> _Exercise objective_: Write down exactly the lines from the one below that has "Wodoodporna kurtka narciarska" to the end of the data, both ends included; the pictures should not appear in your copy.

> _Data to use_:

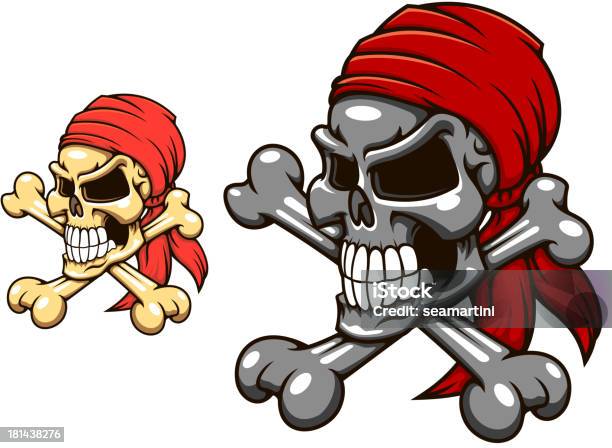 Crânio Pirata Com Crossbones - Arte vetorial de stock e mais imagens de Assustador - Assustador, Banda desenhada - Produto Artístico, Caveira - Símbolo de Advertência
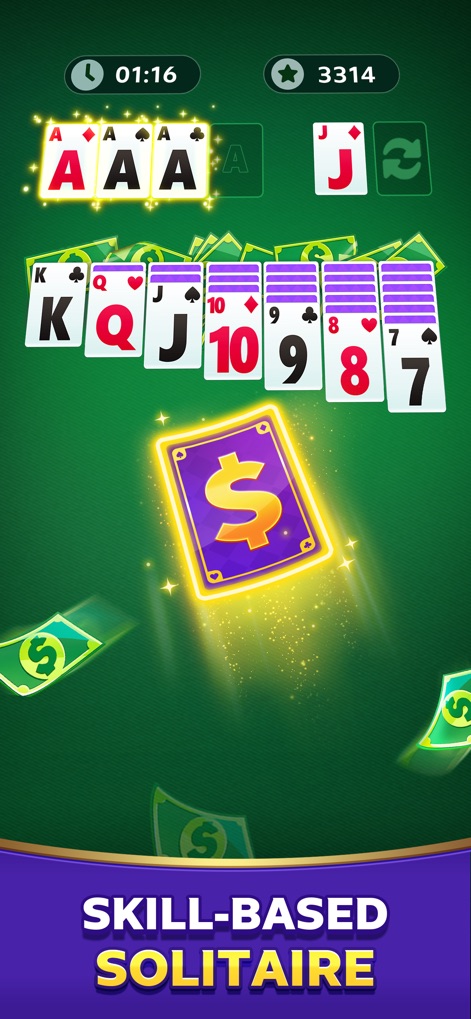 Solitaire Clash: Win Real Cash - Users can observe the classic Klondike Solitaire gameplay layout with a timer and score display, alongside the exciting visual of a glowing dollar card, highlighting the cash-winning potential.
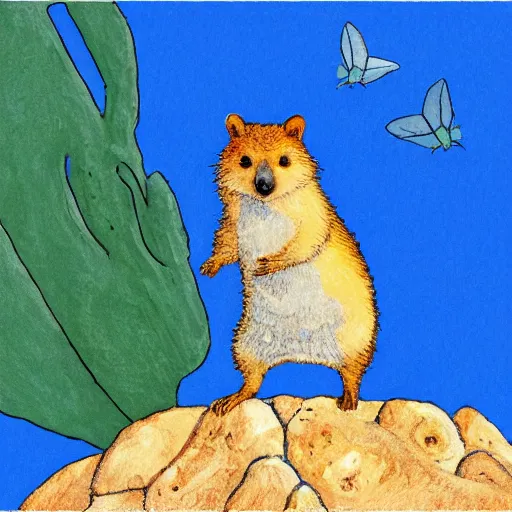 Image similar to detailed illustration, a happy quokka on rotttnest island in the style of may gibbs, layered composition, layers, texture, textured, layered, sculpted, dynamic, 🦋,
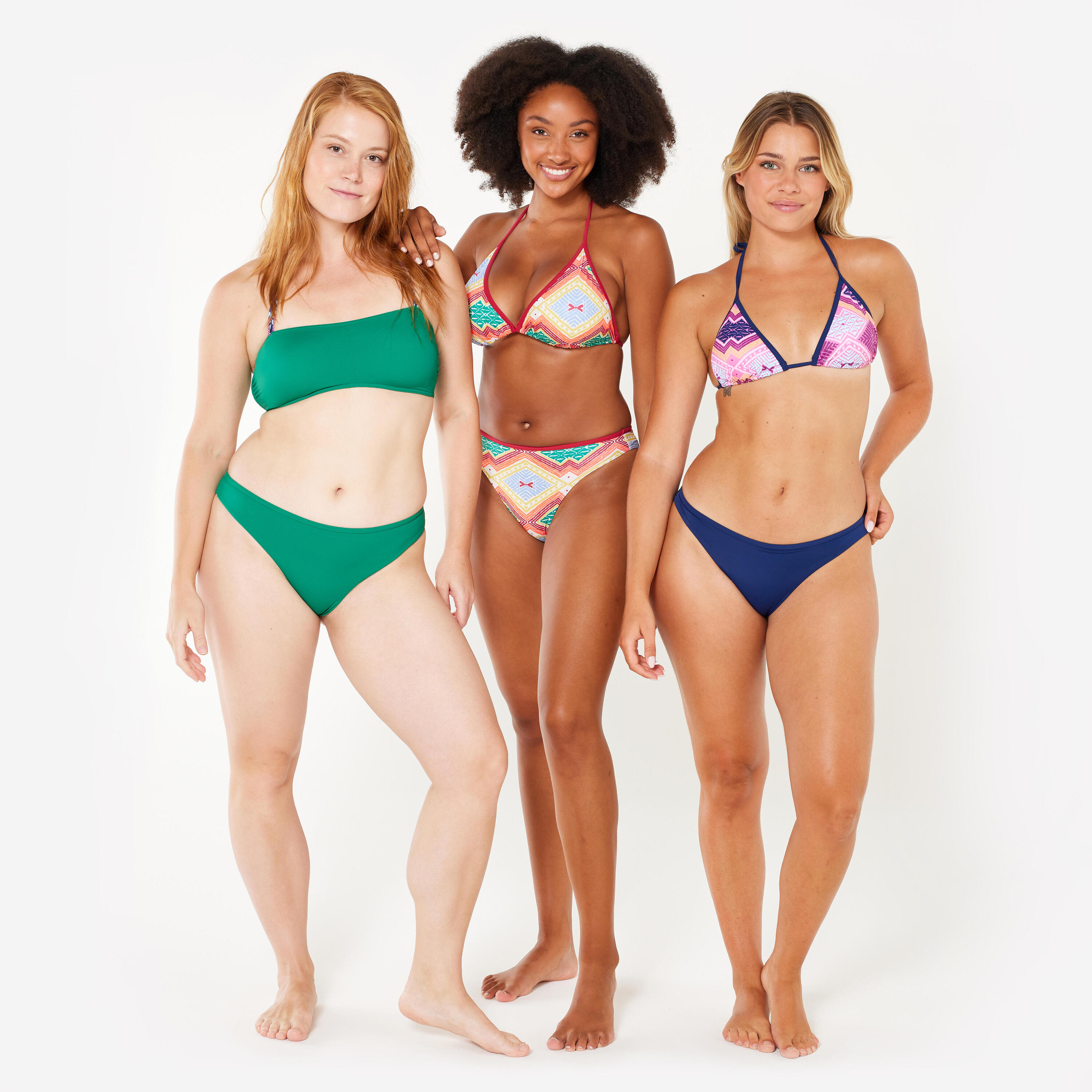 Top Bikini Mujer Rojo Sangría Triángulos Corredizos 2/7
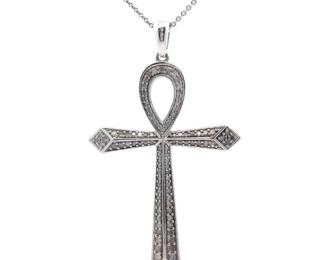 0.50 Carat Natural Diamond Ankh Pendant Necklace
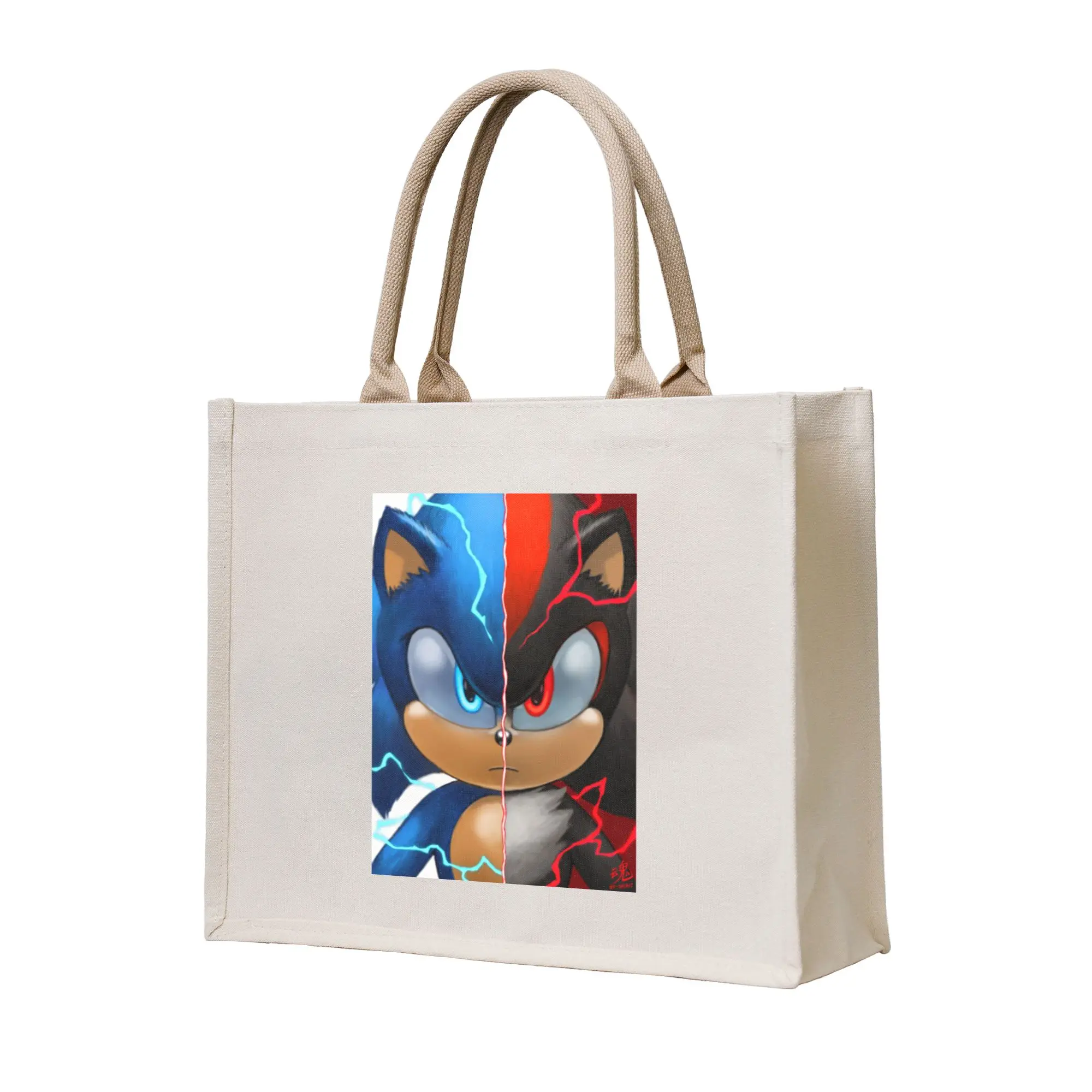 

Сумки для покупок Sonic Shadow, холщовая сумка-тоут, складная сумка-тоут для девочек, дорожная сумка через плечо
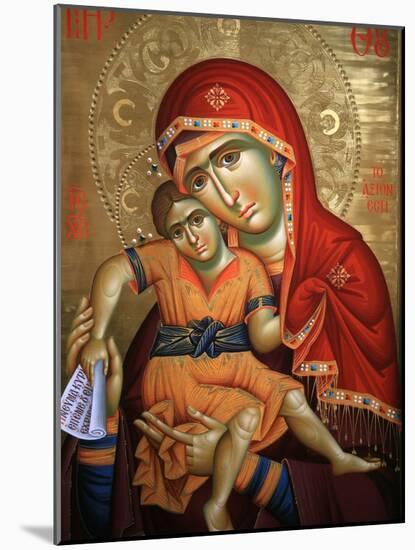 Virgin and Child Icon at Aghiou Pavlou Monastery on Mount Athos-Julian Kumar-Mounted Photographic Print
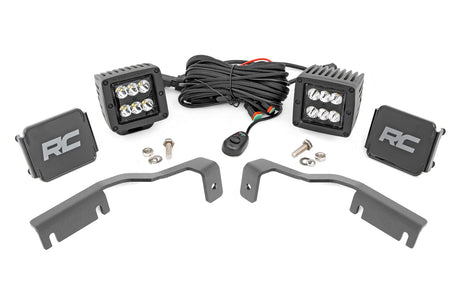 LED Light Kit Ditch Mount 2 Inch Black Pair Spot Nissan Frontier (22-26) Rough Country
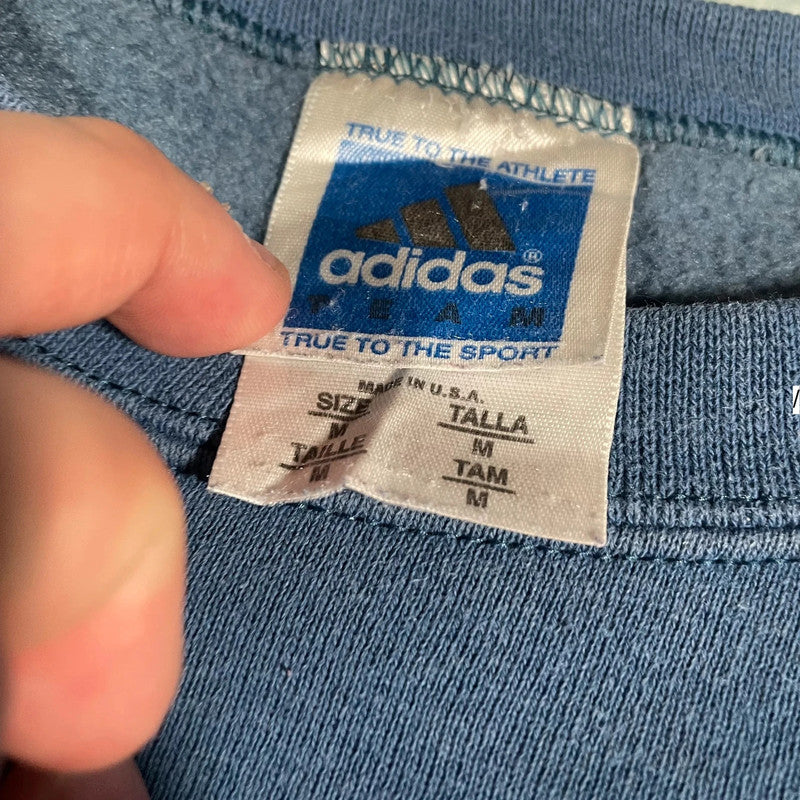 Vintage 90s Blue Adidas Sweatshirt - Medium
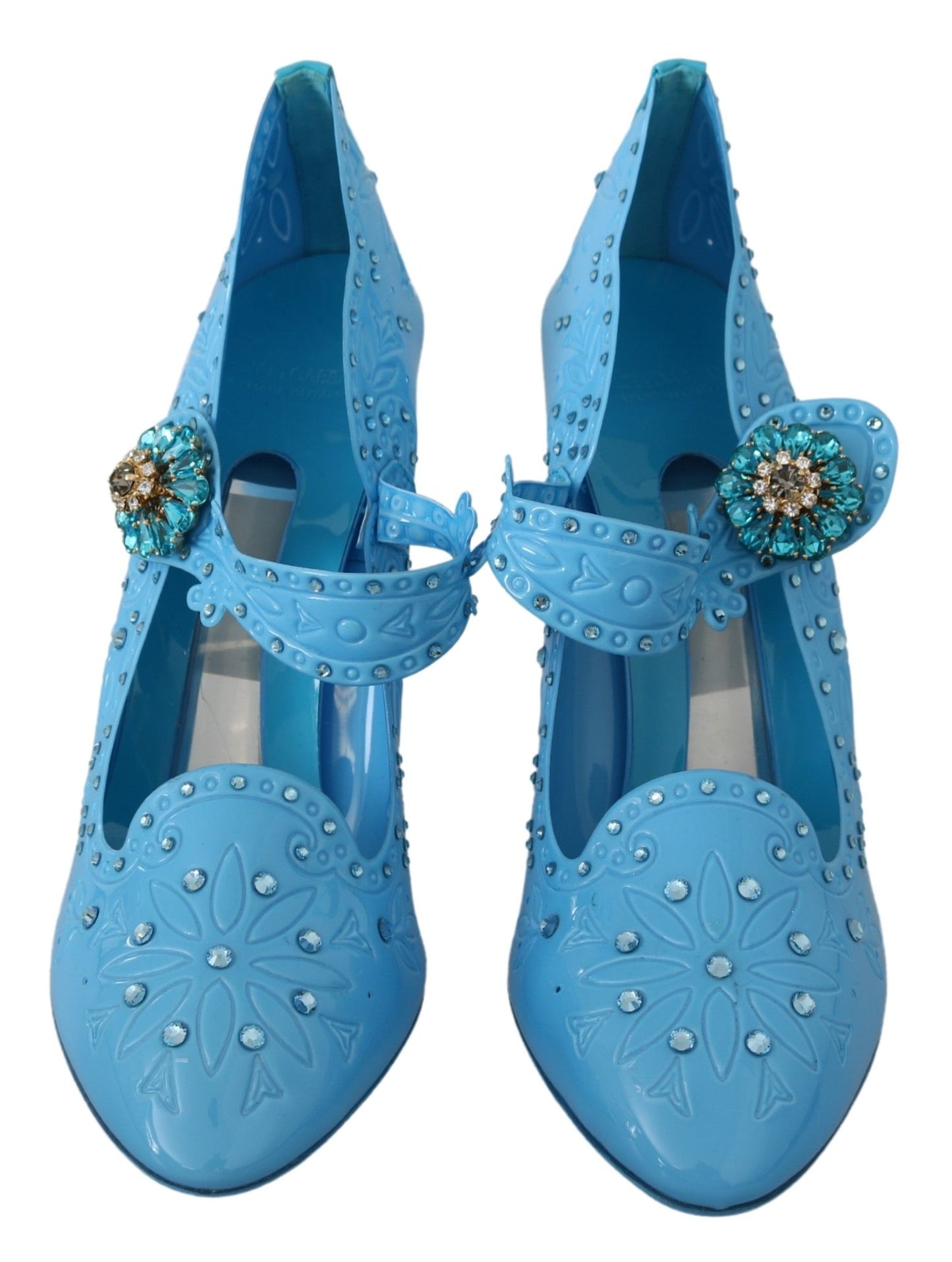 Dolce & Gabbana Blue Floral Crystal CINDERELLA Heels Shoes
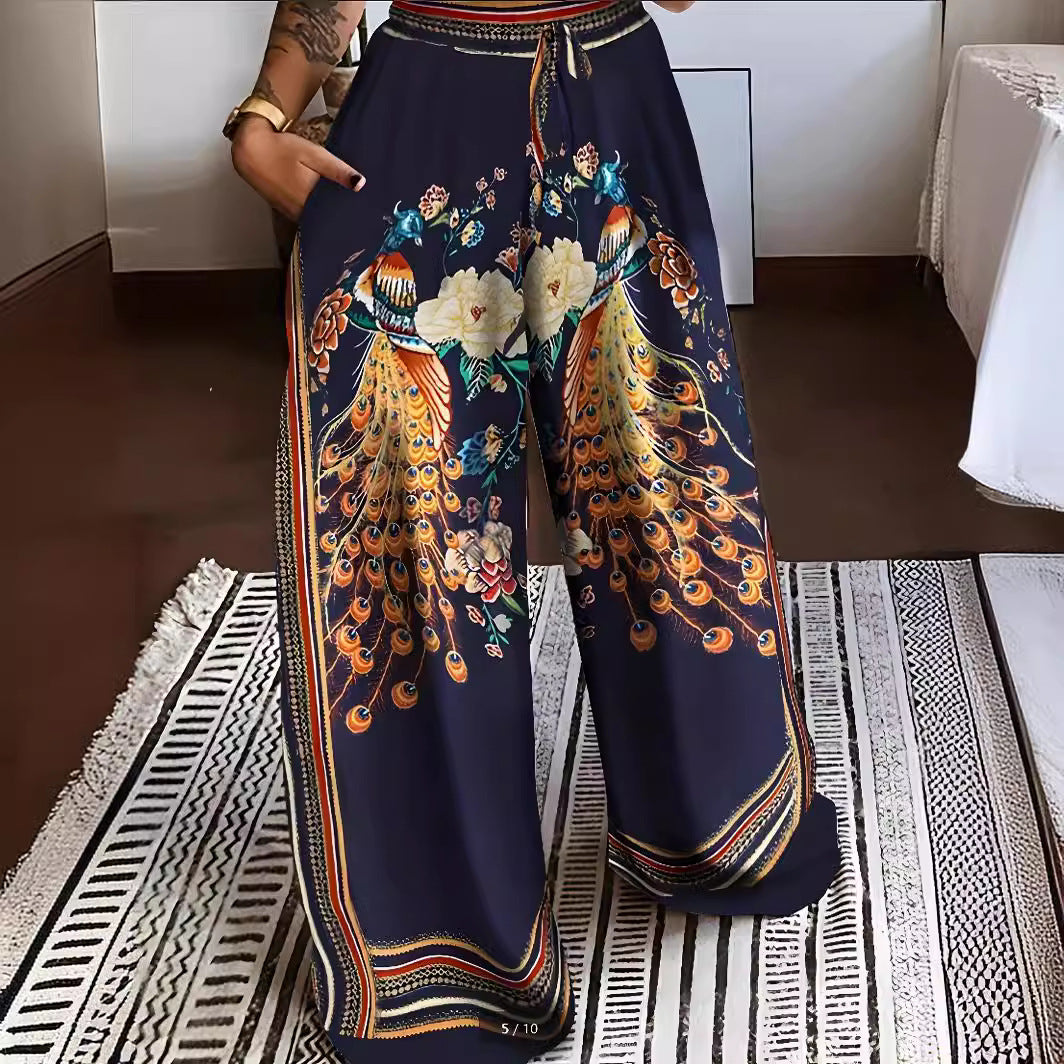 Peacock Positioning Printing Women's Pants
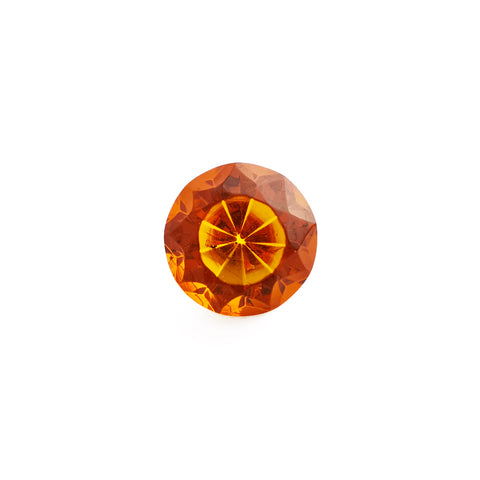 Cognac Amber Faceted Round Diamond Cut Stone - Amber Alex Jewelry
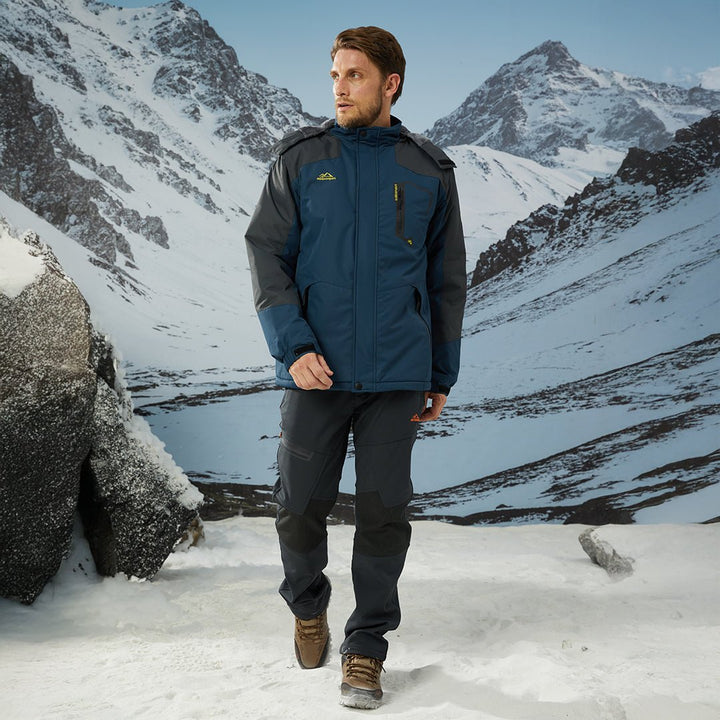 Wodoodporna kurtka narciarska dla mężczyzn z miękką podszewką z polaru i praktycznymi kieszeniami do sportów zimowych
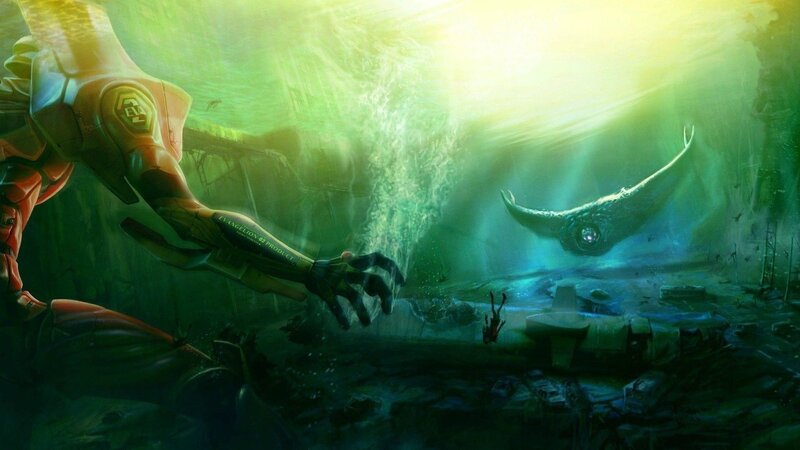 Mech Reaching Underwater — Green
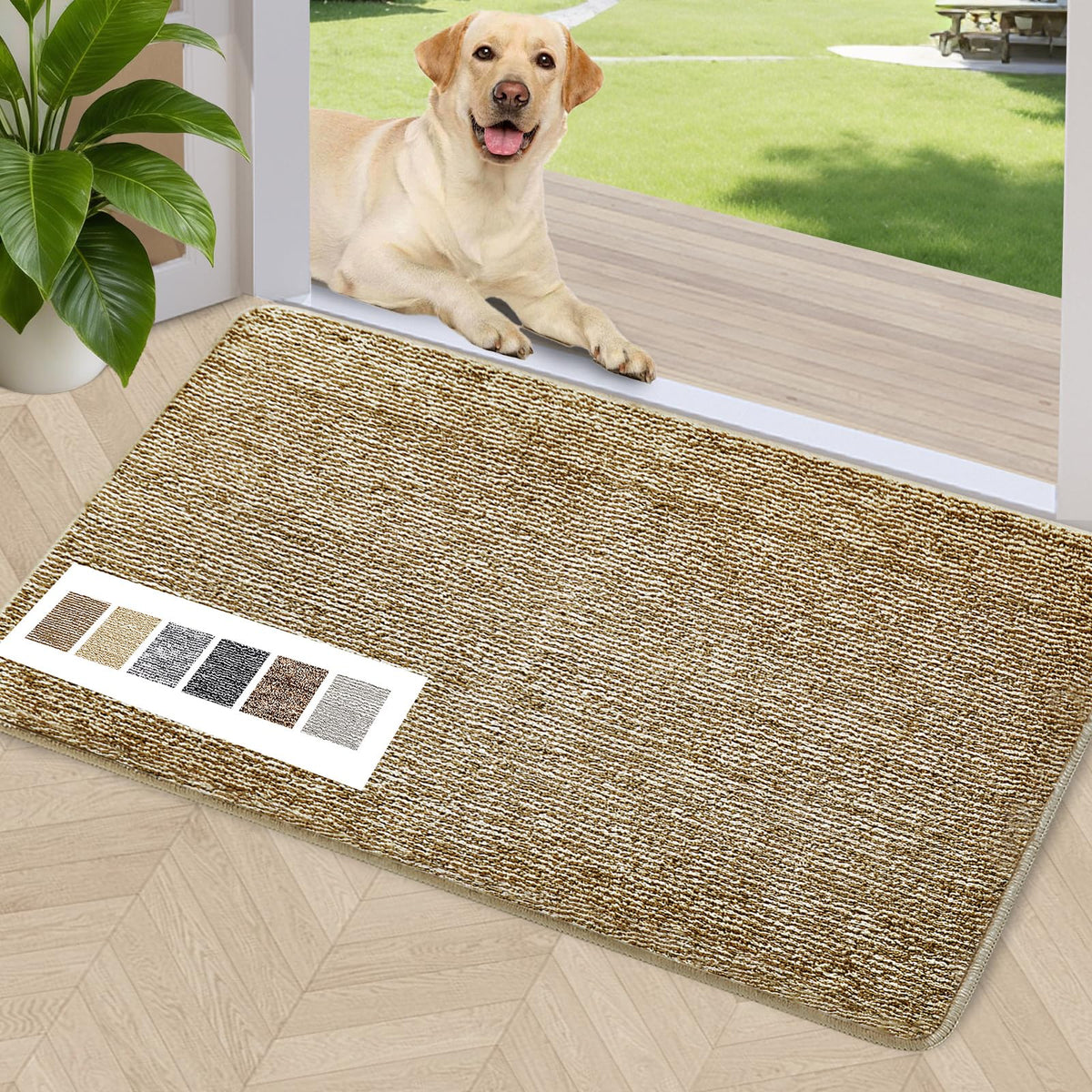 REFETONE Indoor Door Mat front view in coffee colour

> _Response to this exercise_:
 Wodoodporna kurtka narciarska dla mężczyzn z miękką podszewką z polaru i praktycznymi kieszeniami do sportów zimowych
 Mech Reaching Underwater — Green
 REFETONE Indoor Door Mat front view in coffee colour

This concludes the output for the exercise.